A Brooklyn Heights attorney who for a brief time represented former Assemblymember Clarence Norman in his troubles with the Kings County District Attorney’s office announced his intention to run for Civil Court last week – although he was vague on which of the three potentially open seats he was hoping to grab.
Roger Adler, 62, the former President of the Brooklyn Bar Association and the past Chair of the State Bar Association’s Criminal Justice Section, said he believes he could be the kind of judge that “litigants, jurors and lawyers would be pleased to work with and appear before.”
“Being a judge is about finding consensus and crafting solutions,” he explained.
After being admitted to the bar in 1971, Adler was Deputy Chief of the Brooklyn District Attorney’s Appeal’s Bureau as a young lawyer and has been in private practice since 1975.
His cases in private practice have been a mix of criminal defense and civil trials in state and federal courts and appellate work at every level of the state and federal judiciary.
Adler has also held a number of public positions including Counsel to the State Senate Codes Committee; a three-time Special District Attorney at the request of both former District Attorney Elizabeth Holtzman and current District Attorney Charles Hynes; and Special Counsel to the Justices of the Appellate Division, Second Department.

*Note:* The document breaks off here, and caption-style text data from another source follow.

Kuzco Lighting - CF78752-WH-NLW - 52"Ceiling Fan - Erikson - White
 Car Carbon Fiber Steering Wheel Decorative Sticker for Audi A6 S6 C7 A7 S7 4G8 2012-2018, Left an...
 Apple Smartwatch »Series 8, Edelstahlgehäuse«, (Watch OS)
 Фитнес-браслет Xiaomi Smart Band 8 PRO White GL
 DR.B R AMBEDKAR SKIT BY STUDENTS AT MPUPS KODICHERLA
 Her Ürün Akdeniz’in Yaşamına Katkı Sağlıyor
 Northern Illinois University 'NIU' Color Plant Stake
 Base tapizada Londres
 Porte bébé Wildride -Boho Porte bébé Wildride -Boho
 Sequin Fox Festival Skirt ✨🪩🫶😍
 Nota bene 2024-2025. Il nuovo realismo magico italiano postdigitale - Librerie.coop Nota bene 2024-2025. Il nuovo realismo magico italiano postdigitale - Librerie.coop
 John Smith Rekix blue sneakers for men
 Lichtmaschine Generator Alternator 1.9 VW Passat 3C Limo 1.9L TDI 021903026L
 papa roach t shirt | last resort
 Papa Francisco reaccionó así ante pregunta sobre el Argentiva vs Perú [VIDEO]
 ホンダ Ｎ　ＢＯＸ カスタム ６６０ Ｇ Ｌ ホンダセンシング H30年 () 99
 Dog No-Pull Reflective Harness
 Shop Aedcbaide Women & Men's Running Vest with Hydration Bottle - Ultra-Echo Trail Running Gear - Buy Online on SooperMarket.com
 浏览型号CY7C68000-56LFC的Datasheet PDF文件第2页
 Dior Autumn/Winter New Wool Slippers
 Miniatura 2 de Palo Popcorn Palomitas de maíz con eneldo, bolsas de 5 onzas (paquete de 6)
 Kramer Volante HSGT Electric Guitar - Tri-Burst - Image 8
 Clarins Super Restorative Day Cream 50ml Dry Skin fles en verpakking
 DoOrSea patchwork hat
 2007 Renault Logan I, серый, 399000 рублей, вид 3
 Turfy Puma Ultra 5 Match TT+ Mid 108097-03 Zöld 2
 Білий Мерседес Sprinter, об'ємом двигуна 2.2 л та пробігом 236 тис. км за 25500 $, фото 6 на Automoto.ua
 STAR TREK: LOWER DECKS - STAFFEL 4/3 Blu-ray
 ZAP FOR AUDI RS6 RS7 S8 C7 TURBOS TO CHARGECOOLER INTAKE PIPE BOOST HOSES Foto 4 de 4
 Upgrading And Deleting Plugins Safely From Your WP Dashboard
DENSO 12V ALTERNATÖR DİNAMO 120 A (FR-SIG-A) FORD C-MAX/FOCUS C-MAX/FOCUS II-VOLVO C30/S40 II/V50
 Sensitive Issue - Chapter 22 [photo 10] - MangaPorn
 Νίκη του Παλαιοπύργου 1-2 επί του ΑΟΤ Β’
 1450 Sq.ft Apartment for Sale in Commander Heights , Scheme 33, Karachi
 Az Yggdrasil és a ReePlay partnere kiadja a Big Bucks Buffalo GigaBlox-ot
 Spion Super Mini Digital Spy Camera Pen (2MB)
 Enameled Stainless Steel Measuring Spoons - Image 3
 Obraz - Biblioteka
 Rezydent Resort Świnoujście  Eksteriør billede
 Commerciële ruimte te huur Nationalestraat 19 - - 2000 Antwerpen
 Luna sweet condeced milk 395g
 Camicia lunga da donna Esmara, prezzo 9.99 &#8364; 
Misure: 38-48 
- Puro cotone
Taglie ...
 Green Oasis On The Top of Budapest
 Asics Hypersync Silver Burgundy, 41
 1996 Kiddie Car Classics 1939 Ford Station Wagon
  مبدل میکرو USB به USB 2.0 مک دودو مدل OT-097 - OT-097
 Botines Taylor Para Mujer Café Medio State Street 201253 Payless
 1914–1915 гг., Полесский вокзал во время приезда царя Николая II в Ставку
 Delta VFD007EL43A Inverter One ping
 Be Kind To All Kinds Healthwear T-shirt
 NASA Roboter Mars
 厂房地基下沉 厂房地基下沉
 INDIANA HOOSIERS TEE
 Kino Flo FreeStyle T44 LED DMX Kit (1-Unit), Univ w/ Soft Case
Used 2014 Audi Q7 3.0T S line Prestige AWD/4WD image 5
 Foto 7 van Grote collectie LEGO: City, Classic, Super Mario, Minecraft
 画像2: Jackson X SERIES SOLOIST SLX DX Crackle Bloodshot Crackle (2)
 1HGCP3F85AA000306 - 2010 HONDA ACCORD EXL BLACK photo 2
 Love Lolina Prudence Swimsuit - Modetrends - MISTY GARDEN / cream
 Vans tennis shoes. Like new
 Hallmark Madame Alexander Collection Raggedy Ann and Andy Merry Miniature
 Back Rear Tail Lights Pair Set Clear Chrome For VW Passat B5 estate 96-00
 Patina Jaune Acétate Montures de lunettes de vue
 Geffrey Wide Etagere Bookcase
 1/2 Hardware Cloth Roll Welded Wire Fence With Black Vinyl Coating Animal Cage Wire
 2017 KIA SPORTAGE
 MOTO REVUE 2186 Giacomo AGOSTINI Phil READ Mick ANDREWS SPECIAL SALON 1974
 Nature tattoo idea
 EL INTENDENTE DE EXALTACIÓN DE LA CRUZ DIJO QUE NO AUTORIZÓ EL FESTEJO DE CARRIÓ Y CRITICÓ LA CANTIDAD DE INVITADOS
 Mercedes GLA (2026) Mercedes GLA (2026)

“I’ve argued in front of the U.S. Supreme Court and Appellate Courts throughout the country. I’ve represented individuals in trouble with the law, families looking to help their children fight drug addiction and served as a prosecutor in the 1970’s,” he continued. “Ensuring that our neighbors are represented by superb lawyers has been my life’s work.”
As President of the Brooklyn Bar Association, Roger initiated the depoliticized joint screening of judicial candidates along with the Association of the Bar of the City of New York.
He also successfully advocated for legislation strengthening penalties for drunk driving and other vehicular crimes as immediate past-Chair of the State Bar Association’s Criminal Justice Section.
Adler has also had his share of high profile clients including Norman, who he handled “a number of successful pre-trial motions.”
Norman was convicted “while being represented by other counsel,” he said.
With the Democratic primary looming, Adler said that he hasn’t chosen which civil court seat he has his eye on.
There are currently three Civil Court seats up for grabs this year, although one of them is considered to be an “open seat.”
He has reportedly given his own campaign $100,000 to start and expects his election team – which includes Lisa Hernandez-Gioia, the wife of Queens City Councilmember Eric Gioia, as fundraising chair – to raise another $150,000 as the primary approaches.
Roger Adler was born and raised in Flatbush, Brooklyn. His father, Willy Adler, owned a bar and grill on Nevins Street, opposite the old Fox Theatre.
“My father and his brother fled Germany right after Kristallnacht,” Adler said. “He came here with nothing, fought for our country in World War II and later settled down to raise a family and run a business. He’s a great guy and is looking forward to coming up from South Carolina, where he now lives, to campaign for me.”